[ABOUT THIS TASK] In the data below, find the line containing "Może przedstawiać: Biały" and the line containing "Deo fleur de coton tenu dans une main", then reproduce them and every line between, exactly. Omit pictures.
-------- DATA FOR PROCESSING --------
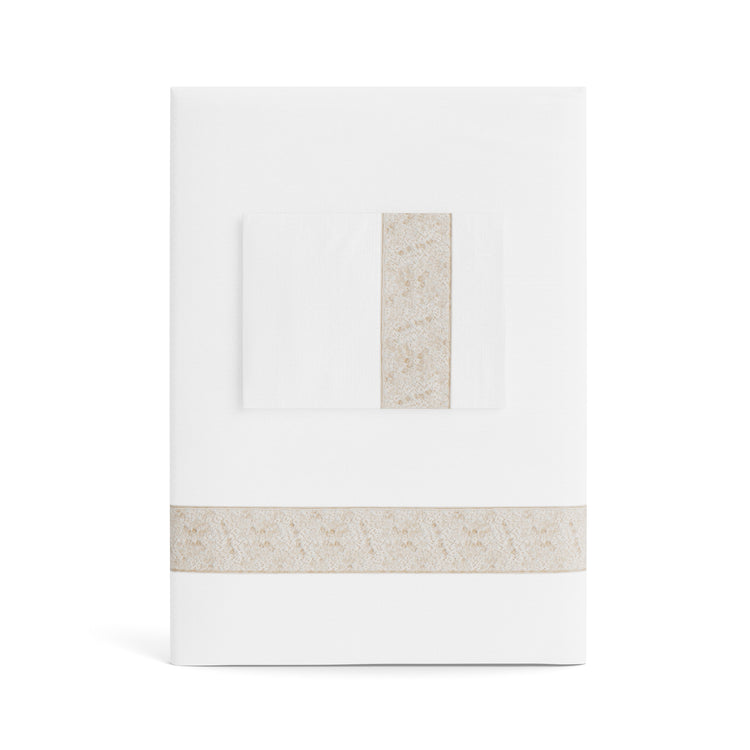 A folded white Minaudiere Sheet Set by Judith Leiber Couture x Ann Gish, shown with its matching pillowcase on top, featuring a pumice-colored sequenced border band that mirrors the jeweled sparkle of the Minaudiere design. - SSMIK-WHI-PUM SSMIQ-WHI-PUM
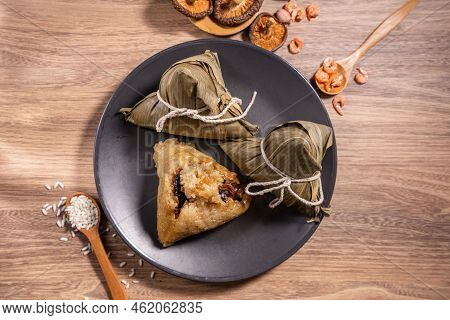 Zongzi, Steamed Rice Dumplings On Wooden Table Bamboo Leaves, Food In Dragon Boat Festival Duanwu Co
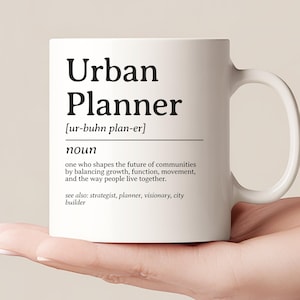 Może przedstawiać: Biały ceramiczny kubek z czarnym napisem "Urban Planner". Kubek zawiera również wymowę fonetyczną i definicję terminu. Jest trzymany w dłoni i ma zakrzywiony uchwyt. Tło jest neutralne.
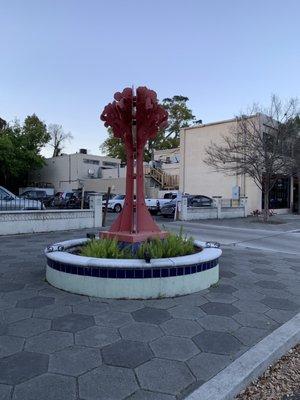 Blue Fish parking behind the artwork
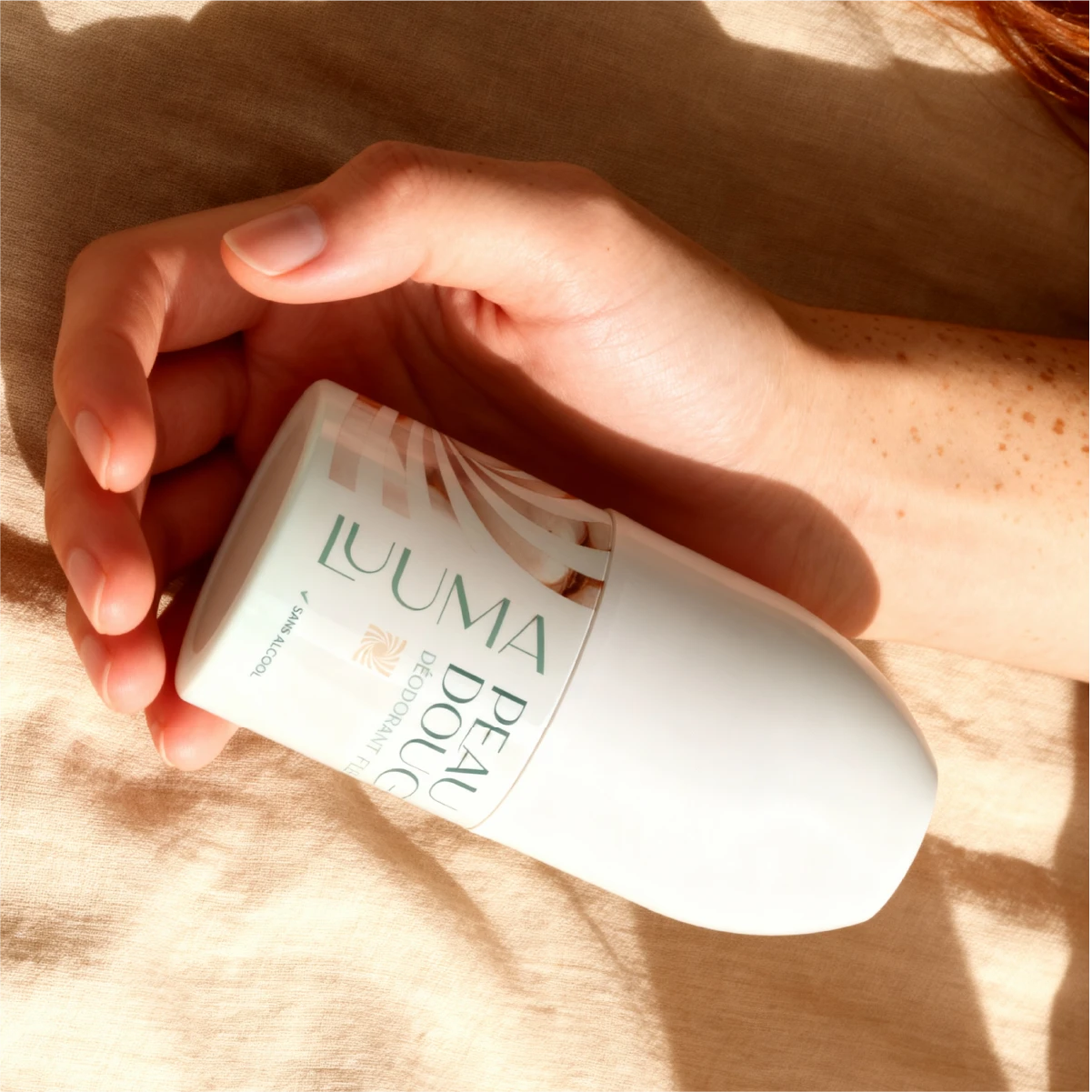 Deo fleur de coton tenu dans une main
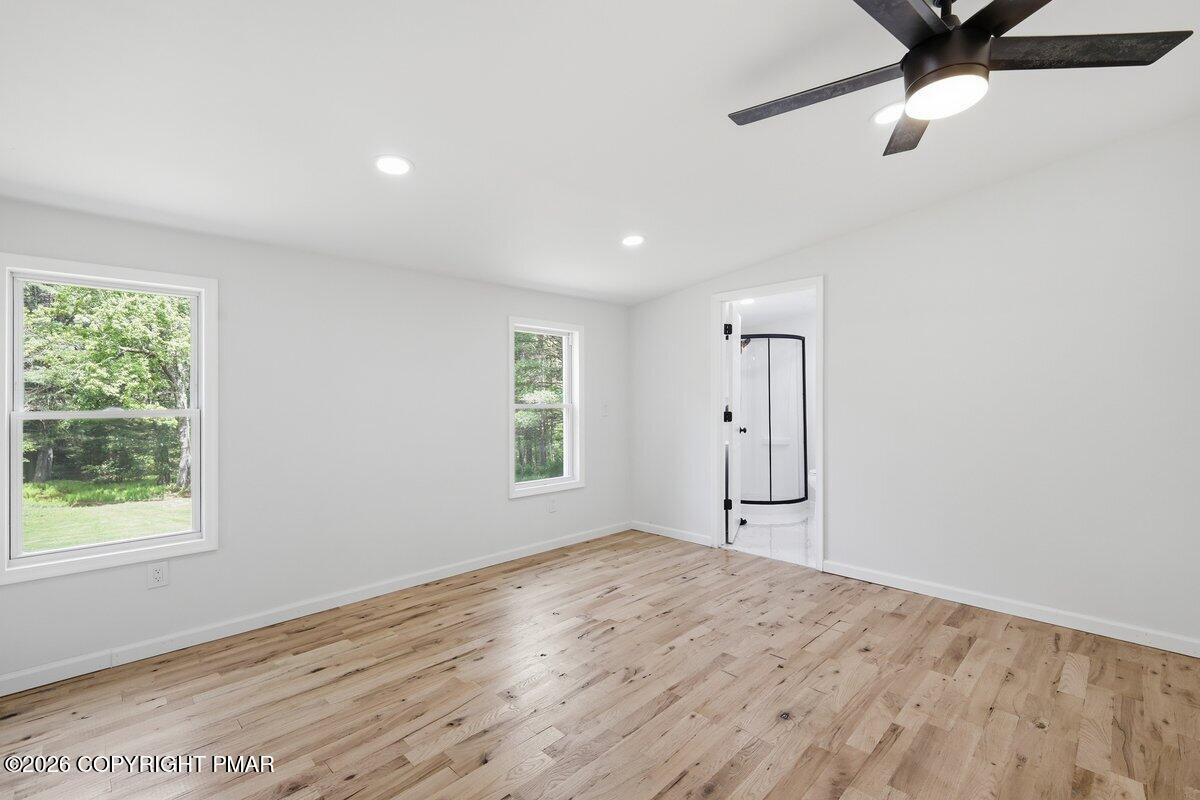 155 Blooming Grove Road Hawley, PA 18428 - Photo 26 of 41 a view of empty room with wooden floor and fan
--------
[YOUR RESPONSE]
 Może przedstawiać: Biały ceramiczny kubek z czarnym napisem "Urban Planner". Kubek zawiera również wymowę fonetyczną i definicję terminu. Jest trzymany w dłoni i ma zakrzywiony uchwyt. Tło jest neutralne.
 Blue Fish parking behind the artwork
 Deo fleur de coton tenu dans une main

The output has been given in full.